I have worked for a telephony company where there has been tons of tables, getting data could require many joins. When the performance of reading from these tables was critical then procedures where created that could generate a flat table (i.e. a denormalized table) that would require no joins, calculations etc that reports could point to. These where then used in conjunction with a SQL server agent to run the job at certain intervals (i.e. a weekly view of some stats would run once a week and so on).

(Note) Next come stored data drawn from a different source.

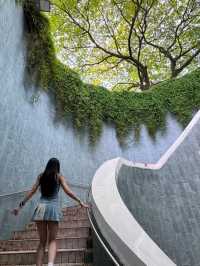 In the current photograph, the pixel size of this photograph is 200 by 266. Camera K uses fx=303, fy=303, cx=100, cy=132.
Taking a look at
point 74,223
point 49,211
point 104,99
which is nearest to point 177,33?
point 104,99

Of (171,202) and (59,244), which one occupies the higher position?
(171,202)

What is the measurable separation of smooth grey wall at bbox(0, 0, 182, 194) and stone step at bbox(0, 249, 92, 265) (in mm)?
1845

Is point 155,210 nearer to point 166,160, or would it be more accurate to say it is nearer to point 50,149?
point 166,160

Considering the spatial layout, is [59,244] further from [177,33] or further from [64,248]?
[177,33]

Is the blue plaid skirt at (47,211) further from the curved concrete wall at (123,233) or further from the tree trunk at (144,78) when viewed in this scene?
the tree trunk at (144,78)

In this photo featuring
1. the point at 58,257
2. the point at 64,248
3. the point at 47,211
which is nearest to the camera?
the point at 47,211

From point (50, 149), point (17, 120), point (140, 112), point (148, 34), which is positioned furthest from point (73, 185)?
point (148, 34)

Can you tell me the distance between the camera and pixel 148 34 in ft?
43.0

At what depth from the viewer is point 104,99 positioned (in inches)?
401

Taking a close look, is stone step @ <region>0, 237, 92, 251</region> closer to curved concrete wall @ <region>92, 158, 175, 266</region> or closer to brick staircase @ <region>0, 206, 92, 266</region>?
brick staircase @ <region>0, 206, 92, 266</region>

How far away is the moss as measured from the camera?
25.2ft

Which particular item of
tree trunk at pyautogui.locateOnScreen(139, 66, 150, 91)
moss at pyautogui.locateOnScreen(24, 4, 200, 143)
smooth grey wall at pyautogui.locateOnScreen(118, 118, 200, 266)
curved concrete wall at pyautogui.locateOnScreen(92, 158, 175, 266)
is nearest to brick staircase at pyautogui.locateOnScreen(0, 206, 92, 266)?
Answer: curved concrete wall at pyautogui.locateOnScreen(92, 158, 175, 266)

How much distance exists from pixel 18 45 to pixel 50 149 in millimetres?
2583

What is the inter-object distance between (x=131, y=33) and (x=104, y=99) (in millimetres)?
4049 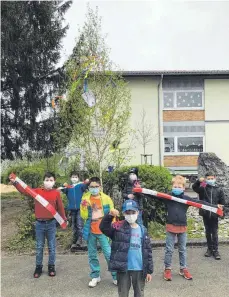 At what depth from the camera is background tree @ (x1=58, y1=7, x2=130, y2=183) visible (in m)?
9.77

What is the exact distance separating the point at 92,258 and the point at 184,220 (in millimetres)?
1556

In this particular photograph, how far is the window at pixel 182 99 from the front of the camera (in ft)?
83.9

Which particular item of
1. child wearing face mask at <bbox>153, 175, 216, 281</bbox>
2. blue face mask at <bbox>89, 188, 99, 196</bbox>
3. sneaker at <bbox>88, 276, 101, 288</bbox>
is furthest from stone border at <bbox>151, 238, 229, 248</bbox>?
blue face mask at <bbox>89, 188, 99, 196</bbox>

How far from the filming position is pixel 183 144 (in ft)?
83.9

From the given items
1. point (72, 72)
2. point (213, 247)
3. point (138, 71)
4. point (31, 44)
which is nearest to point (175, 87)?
point (138, 71)

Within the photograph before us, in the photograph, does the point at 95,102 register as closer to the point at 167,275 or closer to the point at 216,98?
the point at 167,275

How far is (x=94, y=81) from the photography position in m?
9.88

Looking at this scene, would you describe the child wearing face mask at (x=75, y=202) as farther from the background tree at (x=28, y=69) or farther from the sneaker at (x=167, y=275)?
the background tree at (x=28, y=69)

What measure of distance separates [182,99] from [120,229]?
2253 centimetres

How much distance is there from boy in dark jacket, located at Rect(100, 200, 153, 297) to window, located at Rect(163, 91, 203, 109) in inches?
869

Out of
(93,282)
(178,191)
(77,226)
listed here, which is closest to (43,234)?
(93,282)

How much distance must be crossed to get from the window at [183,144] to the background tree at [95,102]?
15.7 m

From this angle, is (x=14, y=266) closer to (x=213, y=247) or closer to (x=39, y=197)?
(x=39, y=197)

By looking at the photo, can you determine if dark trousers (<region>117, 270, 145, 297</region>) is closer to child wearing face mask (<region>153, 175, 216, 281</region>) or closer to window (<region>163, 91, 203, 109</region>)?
child wearing face mask (<region>153, 175, 216, 281</region>) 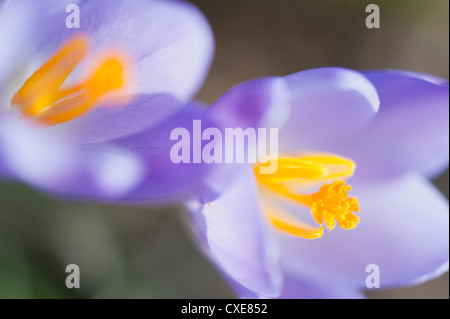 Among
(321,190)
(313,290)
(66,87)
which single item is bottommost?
(313,290)

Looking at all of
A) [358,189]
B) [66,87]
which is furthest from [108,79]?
[358,189]

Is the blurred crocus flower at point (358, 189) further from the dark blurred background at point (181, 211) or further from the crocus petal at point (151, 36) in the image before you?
the dark blurred background at point (181, 211)

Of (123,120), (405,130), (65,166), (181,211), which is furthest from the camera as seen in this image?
(181,211)

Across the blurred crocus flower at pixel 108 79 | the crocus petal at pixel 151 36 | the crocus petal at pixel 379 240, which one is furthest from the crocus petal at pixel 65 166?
the crocus petal at pixel 379 240

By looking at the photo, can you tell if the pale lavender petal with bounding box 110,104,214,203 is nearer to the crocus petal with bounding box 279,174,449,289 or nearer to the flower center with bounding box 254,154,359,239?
the flower center with bounding box 254,154,359,239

Why not use the same approach Wordpress does by having a users table with basic user information that everyone has and then adding a "user_meta" table that can basically be any key, value pair associated with the user id. So if you need to find all the meta information for the user you could just add that to your query. You would also not always have to add the extra query if not needed for things like logging in. The benefit to this approach also leaves your table open to adding new features to your users such as storing their twitter handle or each individual interest. You also won't have to deal with a maze of associated ID's because you have one table that rules all metadata and you will limit it to only one association instead of 50.
Wordpress specifically does this to allow for features to be added via plugins, therefore allowing for your project to be more scalable and will not require a complete database overhaul if you need to add a new feature.
I think this is one of those "it depends" situation. Having multiple tables is cleaner and probably theoretically better. But when you have to join 6-7 tables to get information about a single user, you might start to rethink that approach.
I would say it depends on what the other tables really mean.
Does a user_details contain more then 1 more / users and so on.
What level on normalization is best suited for your needs depends on your demands.
If you have one table with good index that would probably be faster. But on the other hand probably more difficult to maintain.
To me it look like you could skip User_Details as it probably is 1 to 1 relation with Users.
But the rest are probably alot of rows per user?
Performance considerations on big tables
"Likes" and "views" (etc) are one of the very few valid cases for 1:1 relationship _for performance. This keeps the very frequent UPDATE ... +1 from interfering with other activity and vice versa.
Bottom line: separate frequent counters in very big and busy tables.
Another possible case is where you have a group of columns that are rarely present. Rather than having a bunch of nulls, have a separate table that is related 1:1, or more aptly phrased "1:rarely". Then use LEFT JOIN only when you need those columns. And use COALESCE() when you need to turn NULL into 0.
Bottom Line: It depends.
Limit search conditions to one table. An INDEX cannot reference columns in different tables, so a WHERE clause that filters on multiple columns might use an index on one table, but then have to work harder to continue the filtering columns in other tables. This issue is especially bad if "ranges" are involved.
Bottom line: Don't move such columns into a separate table.
TEXT and BLOB columns can be bulky, and this can cause performance issues, especially if you unnecessarily say SELECT *. Such columns are stored "off-record" (in InnoDB). This means that the extra cost of fetching them may involve an extra disk hit(s).
Bottom line: InnoDB is already taking care of this performance 'problem'.